À ces groupes, que nous avons essayé de caractériser, est-il bien utile de joindre les esprits pratiques qui considèrent comme un gain positif pour leurs affaires et leurs plaisirs le temps dérobé à des préoccupations métaphysiques ou religieuses, et les indifférens, trop heureux de rencontrer une philosophie sans dogme qui les dispense du souci de penser et justifie leur paresse intellectuelle sous couleur d’une abstention raisonnée ? Marquons la place de ce dernier groupe, le plus nombreux pourtant, et passons.

Ce sont là les différentes attitudes d’âme, les états d’esprit qui nous apparaissent le plus clairement dans cette crise suprême des dogmes. Il importe maintenant de rechercher comment s’est opéré ce travail de désagrégation des idées, par quelles phases s’est préparée cette ruine continue sous laquelle il semble que le vieux monde va s’effondrer.


II.

C’est par la métaphysique que la destruction a commencé. Tout est suspendu à elle, la morale, la destinée humaine, l’art lui-même, par des liens presque invisibles qui n’en sont pas moins très forts.
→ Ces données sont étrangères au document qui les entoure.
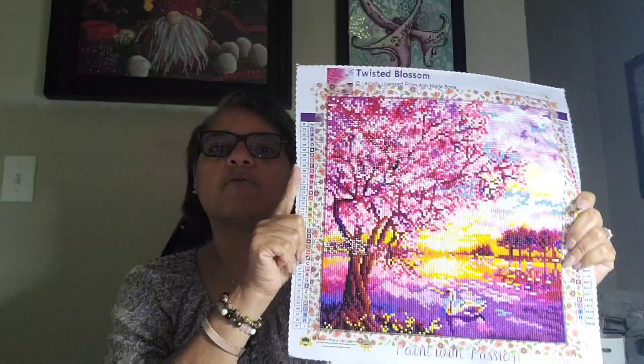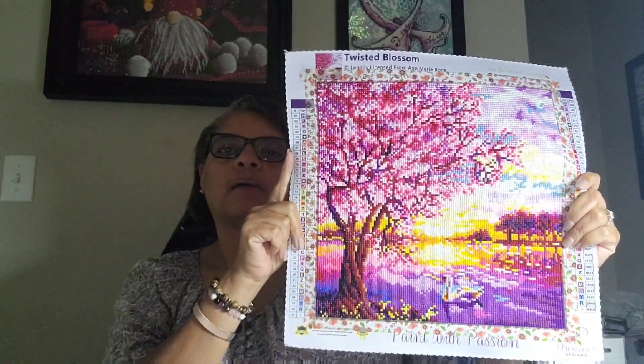Twisted Blossom by Anne Marie Bone, Dreamer Designs Beginner Kit, Square. I went through all the questions: Would I do it again? Yes. Will I order from them again? Yes. Am I happy with it? Yes. Is the rendering good? For a 30 by 30 — which is basically a 12 by 12 — I think it's fine. The rendering is going to be what you get for the size of the painting.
Si elle est ébranlée, l’ébranlement se propage jusqu’à l’extrémité de la chaîne des idées. Si elle fléchit ou cède, tout le reste, de proche en proche, fléchit et cède, comme il arrive pour la clé de voûte d’un monument, laquelle entraîne dans sa chute toutes les parties de l’édifice qui convergeaient vers elle et qu’elle tenait attachées à un centre immobile.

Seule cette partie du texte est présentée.